Segment Open

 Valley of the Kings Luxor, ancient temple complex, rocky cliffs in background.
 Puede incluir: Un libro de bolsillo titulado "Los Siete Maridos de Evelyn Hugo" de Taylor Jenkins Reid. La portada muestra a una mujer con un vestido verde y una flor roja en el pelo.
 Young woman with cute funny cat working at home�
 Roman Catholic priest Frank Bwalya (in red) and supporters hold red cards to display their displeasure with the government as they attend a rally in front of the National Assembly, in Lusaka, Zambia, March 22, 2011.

Segment Closed

What you return must match the data word for word.

**Written response**
 Valley of the Kings Luxor, ancient temple complex, rocky cliffs in background.
 Puede incluir: Un libro de bolsillo titulado "Los Siete Maridos de Evelyn Hugo" de Taylor Jenkins Reid. La portada muestra a una mujer con un vestido verde y una flor roja en el pelo.
 Young woman with cute funny cat working at home�
 Roman Catholic priest Frank Bwalya (in red) and supporters hold red cards to display their displeasure with the government as they attend a rally in front of the National Assembly, in Lusaka, Zambia, March 22, 2011.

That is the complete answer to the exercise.